Extract Files from TCP Stream

Forensic file extraction from network captures

Week 4 TOPIC

TCP Stream File Extraction

During incident response, analysts often need to extract files that were transferred over the network. Malware downloads, exfiltrated data, and lateral movement artifacts can all be recovered from packet captures. Per NIST SP 800-86, network forensics provides critical evidence that may not exist on the endpoint (especially if the attacker wiped the disk).

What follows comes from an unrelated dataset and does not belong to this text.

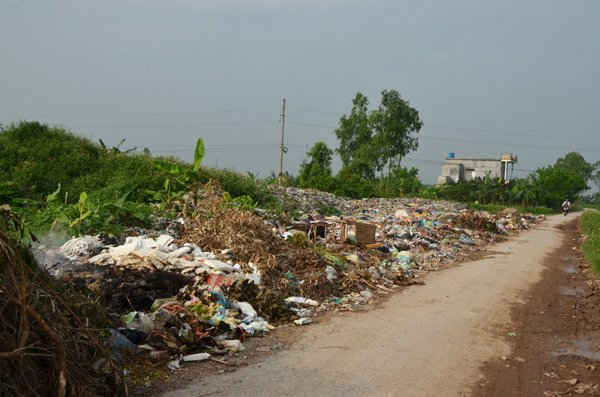 Rác thải nông thôn Hà Nội: Vẫn chôn lấp tạm bợ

Common Extraction Scenarios

Malware Downloads

Extract malicious executables downloaded via HTTP/HTTPS for analysis in sandbox. Look for PE files (MZ header) in HTTP responses with suspicious content-disposition headers or non-standard content types.

Data Exfiltration

Recover files sent to external servers to assess breach scope. Look for large HTTP POST bodies, base64-encoded data, or files uploaded via WebDAV/FTP. Determines exactly what data left the organization.

Email Attachments

Extract attachments from SMTP traffic for phishing analysis. MIME-encoded attachments can be decoded and analyzed for malicious content, macros, or embedded exploits. Critical for initial access vector determination.

Lateral Movement

Recover files transferred via SMB during internal propagation. PsExec, WMI, and PowerShell remoting all leave artifacts in network traffic. SMB file transfers between workstations are almost always malicious.

Chain of Custody

Extracted files are forensic evidence. Always maintain chain of custody: document who captured the pcap, when, from what interface, using what tool and version. Hash the pcap immediately (SHA-256) before any analysis. Store original pcap on write-protected media.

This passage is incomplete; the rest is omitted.